Robert Benzie's piece asserted an alarming statistic: Ontario is losing 100 jobs every hour, on the hour.Career Options Magazine (via theGlobe and Mail) recently noted that worse still, "Ontario has a 15% youth unemployment rate, which is higher than the national average and double the overall unemployment rate in Ontario". And just in case you're not getting the picture, this weekend on Parent Central via theToronto Star, filmmakers Sharon Bartlett and Maria LeRose report that "...51 per cent of Canadians ages 20 to 29 live with their parents -- twice the rate of 25 years ago." Today's economy sucks for young people. The educational and experiential requirements to land an entry-level job are extremely more demanding than in years past.

I feel like I've aged at least 10 years over my summer of unemployment. Long gone are my dreams and ambitions of finding a "creative" job, a fulfilling job, a job I enjoy.
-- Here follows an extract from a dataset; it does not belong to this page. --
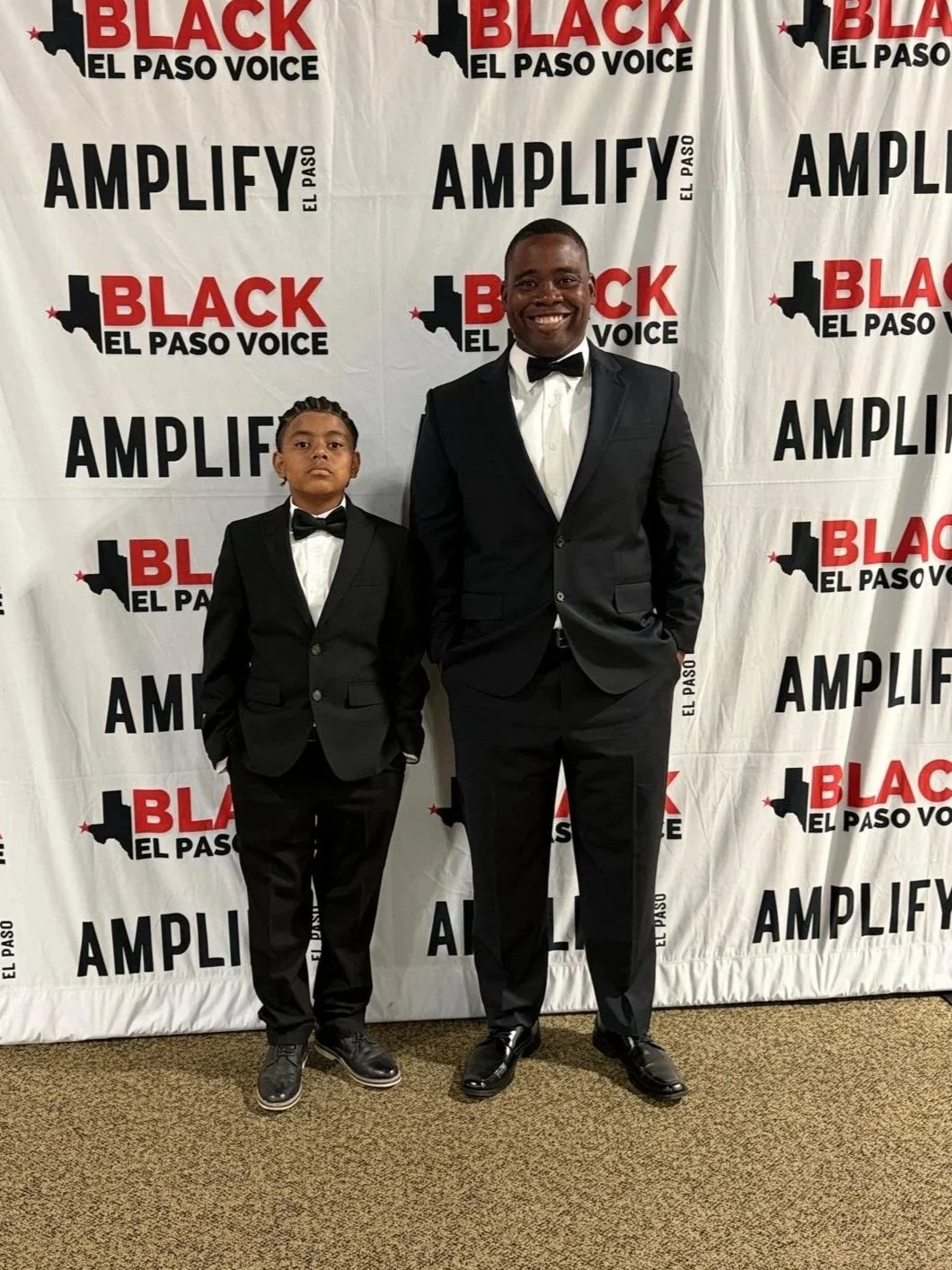 Two males standing against a white wall, one adult and one child, both dressed in suits and smiling.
Fantastic, I am jaded and still in my 20s. And now I have that Aerosmith song in my head. Even worse.

For the entertainment of you, dear reader, I will share with you five things I've done/almost done for money while unemployed:

1) Sold my bicycle. (Still weeping.)

2) Had a friend take my measurements to produce hoards of ghastly clothes for a miserly, tasteless man with whom she haggled with to get paid the legal minimum wage.

3) Posted ads on Craigslist for the following "services": dog walker, nanny, unlicensed private detective (!), English tutor.

4) Traveled about three hours a day to pack student election ballots in a warehouse with a sole bathroom looked like it belonged in a prison.

5) Seriously considered selling my eggs.

While I continue to add to the hundreds of resumes I've sent out thus far, I also wonder about potential solutions to this crisis -- and my brain just farts.

I'm this close to running around nude in Nathan Phillips Square carrying billboard sized copies of my resume. Or, becoming another statistic by moving back in with my mom. (HI MOM!)